> Assignment: The full listing, word for word and free of images, is the expected result.

> Material for this exercise:
Content starts

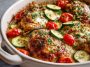 A baked Mediterranean chicken and zucchini casserole topped with melted cheese, fresh herbs, and served in a rustic dish.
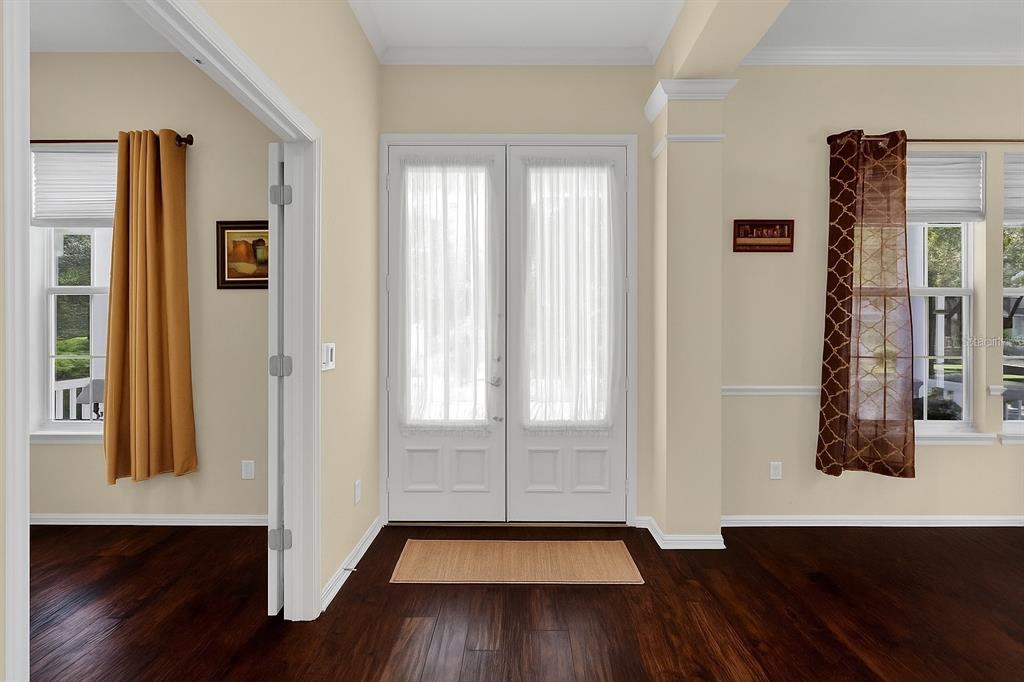 604 Nadina Place Celebration, FL 34747 - Photo 6 of 32 wooden floor in an empty room with a window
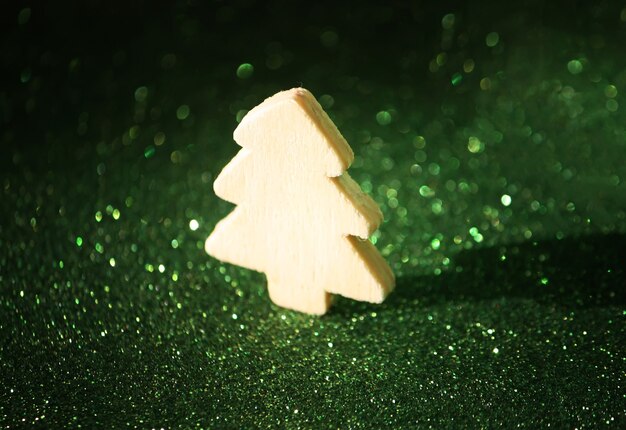 Kleine decoratieve houten kerstboom op sprankelende glitterachtergrond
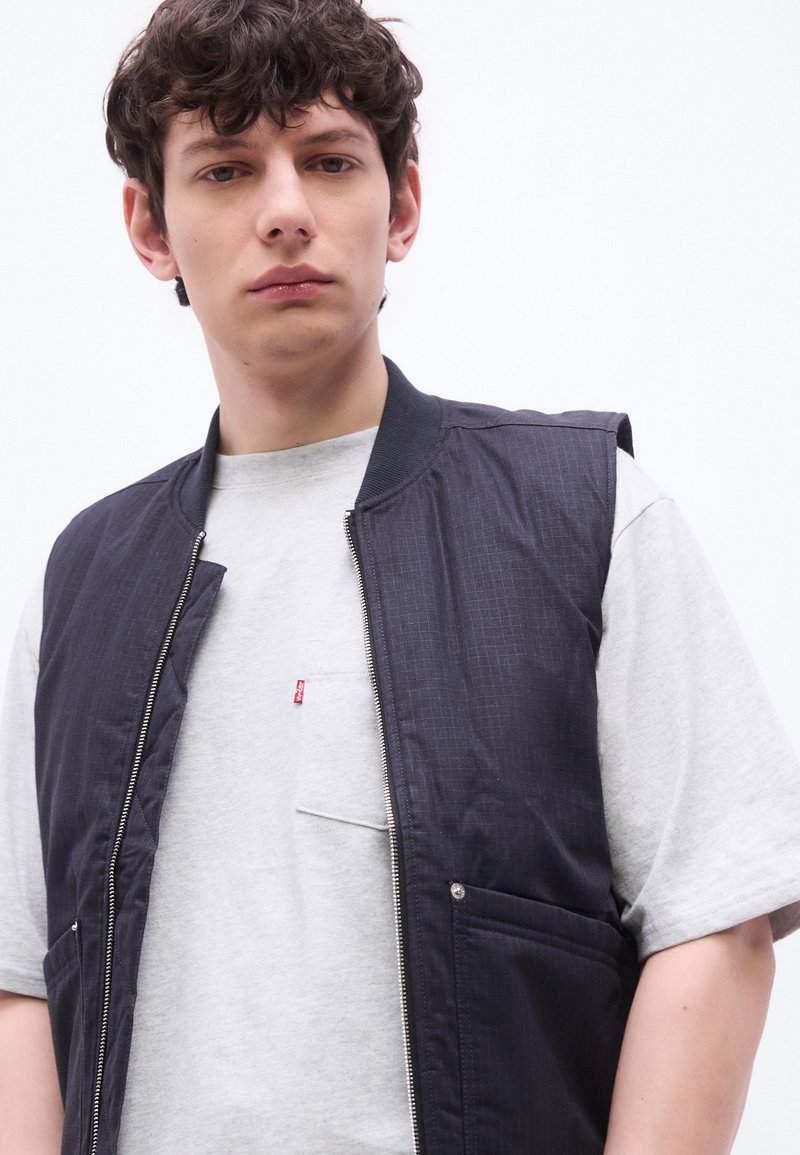 Giovane uomo con capelli scuri ricci, indossa una maglietta grigio chiaro e un gilet senza maniche blu scuro con zip, con sfondo bianco neutro.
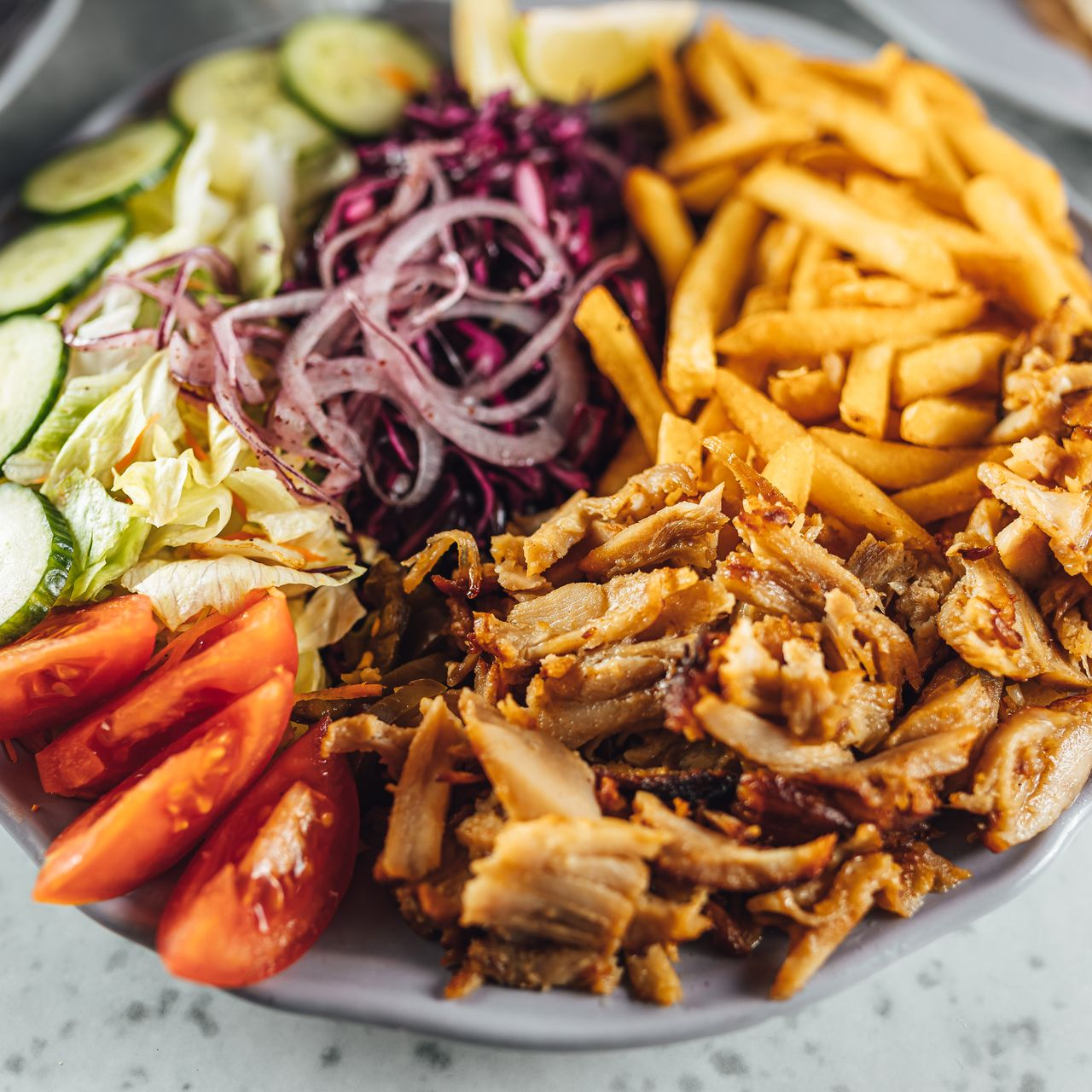 Assiette de shawarma avec légumes coupés en tranches, oignons rouges, tomates, concombres, frites et viande effilochée.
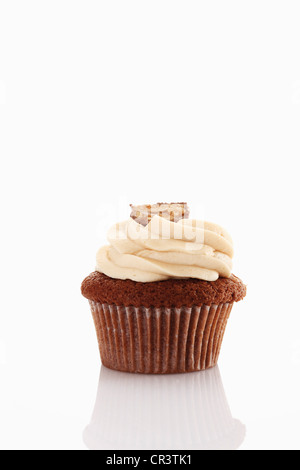 Cupcake mit Erdnussbutter Creme Stockfoto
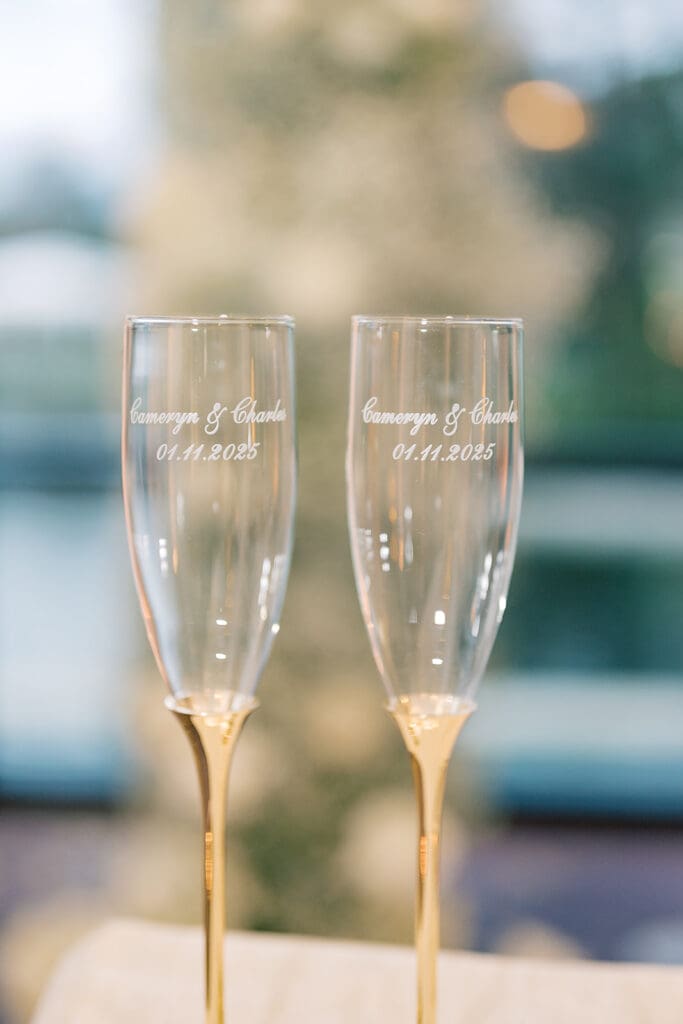 Wedding Photographer Orlando | Jennifer Holly Light and Airy Wedding Photographer in Orlando | Two elegant champagne flutes with gold stems, engraved with names and a date. They are set against a soft, blurred background, suggesting a celebratory event.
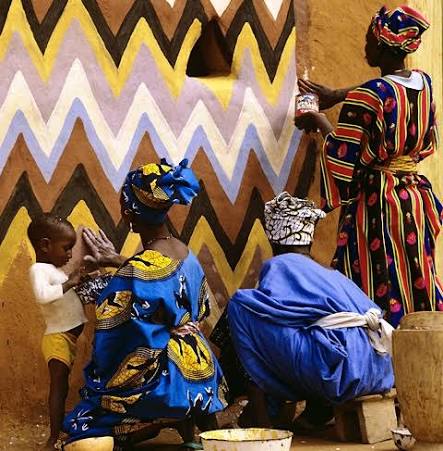 Women in wax print painting a zigzag mural on an earthen wall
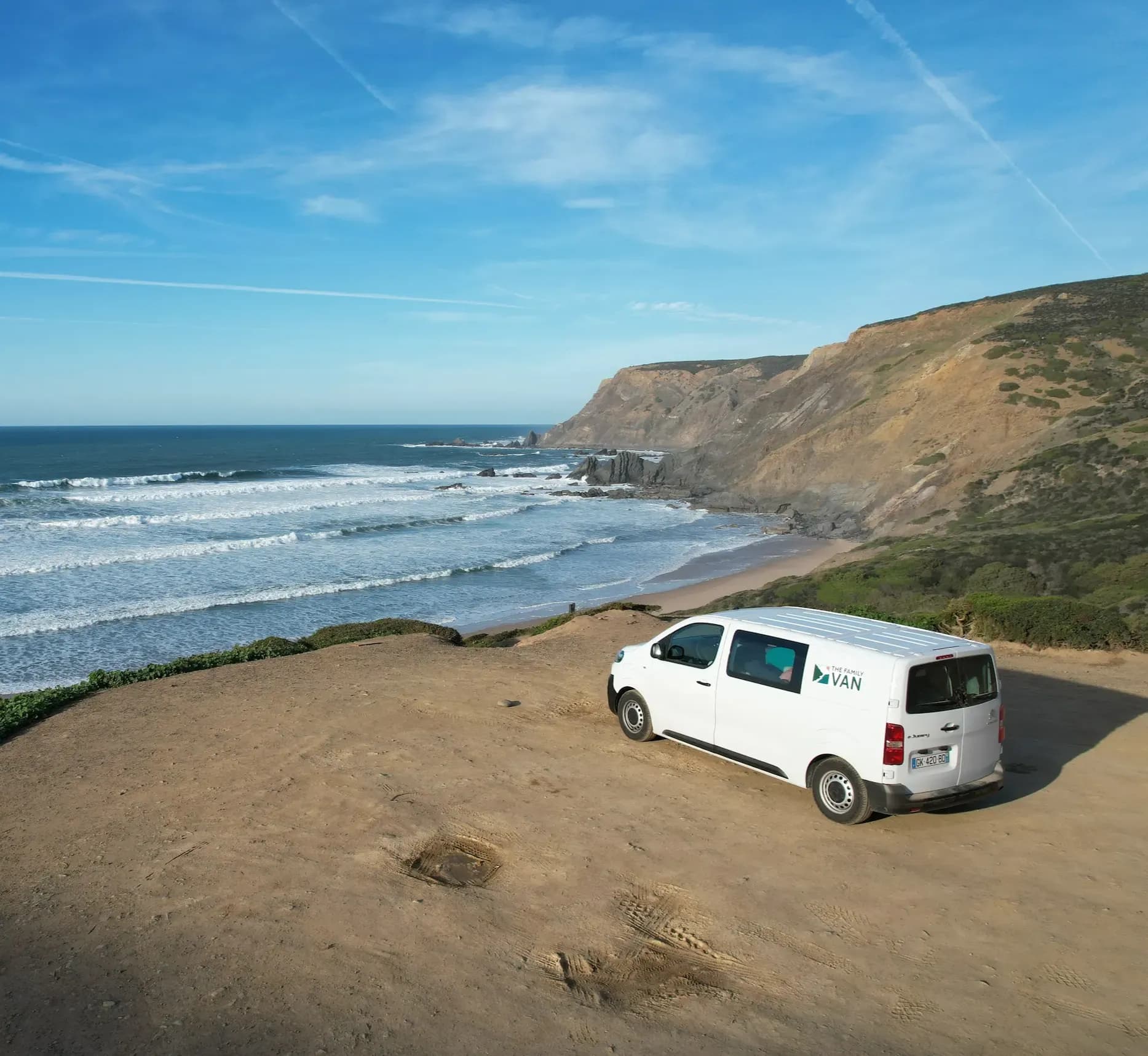 Campervan parked on a clifftop headland above a beach worked by long lines of rollers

Content ends

> Solution to this task:
 A baked Mediterranean chicken and zucchini casserole topped with melted cheese, fresh herbs, and served in a rustic dish.
 604 Nadina Place Celebration, FL 34747 - Photo 6 of 32 wooden floor in an empty room with a window
 Kleine decoratieve houten kerstboom op sprankelende glitterachtergrond
 Giovane uomo con capelli scuri ricci, indossa una maglietta grigio chiaro e un gilet senza maniche blu scuro con zip, con sfondo bianco neutro.
 Assiette de shawarma avec légumes coupés en tranches, oignons rouges, tomates, concombres, frites et viande effilochée.
 Cupcake mit Erdnussbutter Creme Stockfoto
 Wedding Photographer Orlando | Jennifer Holly Light and Airy Wedding Photographer in Orlando | Two elegant champagne flutes with gold stems, engraved with names and a date. They are set against a soft, blurred background, suggesting a celebratory event.
 Women in wax print painting a zigzag mural on an earthen wall
 Campervan parked on a clifftop headland above a beach worked by long lines of rollers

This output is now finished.